Dal punto di vista della scena luminosa, qual è stato il tuo approccio per costruire lo spettacolo nel lavoro che hai sviluppato con Fabretti?

“..Come prima cosa, voglio dire che Maurizio ha avuto il grande merito di reinventare per il teatro questo spettacolo. C’è un quadro nel quale io canto una macchietta napoletana: ho detto a Maurizio come nelle mie esperienze da ragazzo nell’avanspettacolo queste canzoni andavano con la battuta di luci PAR in proscenio, per ricreare l’atmosfera degli anni ’30-’40..”

“In base ai miei ricordi, ovviamente io ripropongo qui quello che ho vissuto e hanno vissuto i miei coetanei quando andavano a vedere l’avanspettacolo. Non posso quindi pensare ai motorizzati o ai LED con canzoni del genere.. che richiedono un certo tipo di luce che è quella del varietà…Con Fabretti abbiamo quindi lavorato utilizzando il criterio cromatico, colore per colore. Ogni canzone è curata cromaticamente in modo differente, e vive di luce propria coerentemente al suo racconto.. Maurizio sa che io amo molto il controluce, la luce di taglio e la silhouette, credo che non ci sia bisogno di stare sempre con la luce in faccia…la silhouette è meravigliosa, il controluce è straordinario, il taglio è miracoloso, hanno un linguaggio molto efficace…”

Ranieri mentre interpreta la canzone di Charles Aznavour “Quel che si dice” che racconta la storia di un omosessuale. I musicisti sono tutti in controluce come fossero guardoni e su Ranieri un controluce blu alogeno e frontali alogeni con un rosa danno maggiore calore all’incarnato del viso (courtesy photo: Mario Borghesi)

“In un altro mio lavoro fatto con Fabretti, il “Riccardo III” di Skakespeare, abbiamo perso giornate intere per fare un sagomatore che mettesse la luce ‘solo’ sui miei denti, sulla mia bocca, perché in quel momento il personaggio vuole dire solo questo, ‘il silenzio’. In quella scena ero accovacciato per terra e dovevo alzarmi e ‘prendere’ assolutamente quella lama di luce…Il pubblico se ne accorge e capisce se una cosa è fatta tanto per fare o è fatta per bene”.
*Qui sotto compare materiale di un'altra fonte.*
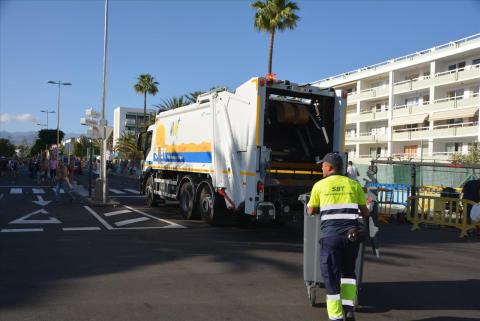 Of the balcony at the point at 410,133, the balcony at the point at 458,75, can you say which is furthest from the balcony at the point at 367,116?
the balcony at the point at 458,75

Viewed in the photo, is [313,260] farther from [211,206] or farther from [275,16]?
[275,16]

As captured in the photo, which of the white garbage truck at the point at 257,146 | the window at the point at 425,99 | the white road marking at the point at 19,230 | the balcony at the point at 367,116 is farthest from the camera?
the balcony at the point at 367,116

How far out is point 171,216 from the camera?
1408 centimetres

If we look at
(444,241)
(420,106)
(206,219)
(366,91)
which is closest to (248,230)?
(206,219)

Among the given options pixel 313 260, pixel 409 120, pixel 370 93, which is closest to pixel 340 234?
pixel 313 260

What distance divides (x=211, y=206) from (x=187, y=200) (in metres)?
1.68

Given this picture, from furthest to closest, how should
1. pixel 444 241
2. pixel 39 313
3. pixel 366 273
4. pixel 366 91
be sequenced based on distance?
pixel 366 91 < pixel 444 241 < pixel 366 273 < pixel 39 313

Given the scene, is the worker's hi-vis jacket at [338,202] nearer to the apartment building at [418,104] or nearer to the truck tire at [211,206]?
the truck tire at [211,206]

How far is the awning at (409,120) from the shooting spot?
4376cm

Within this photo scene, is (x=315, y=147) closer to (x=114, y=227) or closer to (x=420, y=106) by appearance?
(x=114, y=227)

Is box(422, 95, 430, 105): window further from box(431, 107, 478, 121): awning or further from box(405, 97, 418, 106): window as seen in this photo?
box(431, 107, 478, 121): awning

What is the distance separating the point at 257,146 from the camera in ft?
32.7

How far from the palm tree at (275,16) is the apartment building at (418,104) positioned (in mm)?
16439

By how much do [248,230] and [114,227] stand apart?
3239 millimetres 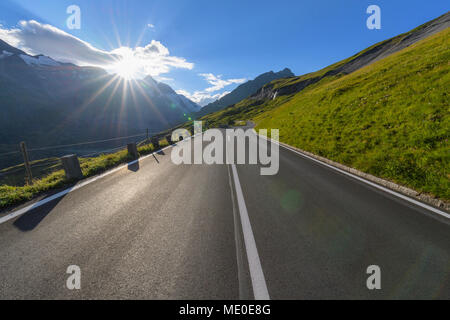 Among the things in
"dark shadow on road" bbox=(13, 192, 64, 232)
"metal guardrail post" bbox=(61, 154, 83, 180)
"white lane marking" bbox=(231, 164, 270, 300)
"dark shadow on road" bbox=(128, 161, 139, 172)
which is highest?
"metal guardrail post" bbox=(61, 154, 83, 180)

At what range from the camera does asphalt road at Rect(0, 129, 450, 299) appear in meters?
2.32

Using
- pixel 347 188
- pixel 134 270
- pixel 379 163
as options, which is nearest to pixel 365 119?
pixel 379 163

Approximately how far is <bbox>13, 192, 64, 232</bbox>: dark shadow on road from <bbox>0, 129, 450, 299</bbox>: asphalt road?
25mm

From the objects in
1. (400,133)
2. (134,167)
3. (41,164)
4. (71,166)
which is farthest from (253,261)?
(41,164)

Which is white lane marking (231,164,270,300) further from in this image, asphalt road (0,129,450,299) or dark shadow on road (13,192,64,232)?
dark shadow on road (13,192,64,232)

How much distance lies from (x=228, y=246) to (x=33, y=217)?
4.50m

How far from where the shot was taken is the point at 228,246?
3.13 metres

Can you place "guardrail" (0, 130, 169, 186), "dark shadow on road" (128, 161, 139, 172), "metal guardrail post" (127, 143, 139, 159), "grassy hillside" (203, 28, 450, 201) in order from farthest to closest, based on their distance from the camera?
"metal guardrail post" (127, 143, 139, 159)
"dark shadow on road" (128, 161, 139, 172)
"guardrail" (0, 130, 169, 186)
"grassy hillside" (203, 28, 450, 201)

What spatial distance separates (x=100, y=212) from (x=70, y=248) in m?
1.32

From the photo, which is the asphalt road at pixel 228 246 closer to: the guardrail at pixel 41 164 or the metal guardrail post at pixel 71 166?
the metal guardrail post at pixel 71 166

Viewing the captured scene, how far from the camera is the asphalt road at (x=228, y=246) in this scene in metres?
2.32

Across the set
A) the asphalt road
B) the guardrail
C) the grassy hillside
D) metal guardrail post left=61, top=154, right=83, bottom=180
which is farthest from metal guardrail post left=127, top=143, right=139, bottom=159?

Come valuti il futuro del teatro, anche in relazione all’utilizzo delle nuove tecnologie oggi disponibili?

“..Facciamo un passo indietro: ci sarà un futuro per il teatro? Viviamo un momento molto difficile nel quale di teatro se ne fa sempre meno. Se uno pensa che fino a dieci anni fa le tournee duravano sei-sette mesi , mentre oggi se tutto va bene, anzi benissimo, durano due-tre mesi!… Devi limitare la tua permanenza due giorni-tre giorni massimo in un posto e via di questo passo.. tutto si è ridotto…”

“Con un altro mio lavoro, “Il Gabbiano”, sono stato a Roma in tutto dodici giorni, in una città come Roma di 4 milioni e mezzo di abitanti: quanti avranno potuto vedere questo spettacolo? …Anche facendo i pieni tutte le sere… Nel 1983 con ‘Barnum’ al Sistina sono stato 8 mesi e avevo il pieno tutte le sere… Nel 1998 con ‘Hollywood’ con la regia di Patroni Griffi ho fatto un mese e mezzo, e con il mio ‘Canto perché non so nuotare’ nel 2007 altri tre mesi.. Per cui il futuro del teatro? Oggi come oggi non ti so rispondere”.
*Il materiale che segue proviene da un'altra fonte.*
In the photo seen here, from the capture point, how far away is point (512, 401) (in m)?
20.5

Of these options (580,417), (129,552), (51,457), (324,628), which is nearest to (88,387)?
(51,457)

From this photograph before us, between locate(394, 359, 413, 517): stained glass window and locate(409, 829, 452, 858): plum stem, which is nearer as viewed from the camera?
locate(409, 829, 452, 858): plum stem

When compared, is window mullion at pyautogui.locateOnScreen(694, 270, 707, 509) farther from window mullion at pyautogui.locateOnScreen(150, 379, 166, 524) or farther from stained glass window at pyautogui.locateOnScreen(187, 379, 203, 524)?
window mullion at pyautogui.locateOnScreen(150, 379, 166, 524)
“Sul piano tecnico il teatro non comporta l’impegno di un concerto dal vivo con un palco da 30 metri… non abbiamo uno spreco di luci… Mi auguro ovviamente che avremo sempre delle innovazioni, ma non credo che si tramuteranno in compromessi. La luce LED non è il PAR, non dà lo stesso calore, non c’è niente da fare, è più piatta e fredda.. ma dobbiamo trovare sempre il modo di utilizzarla nel migliore dei modi possibili”.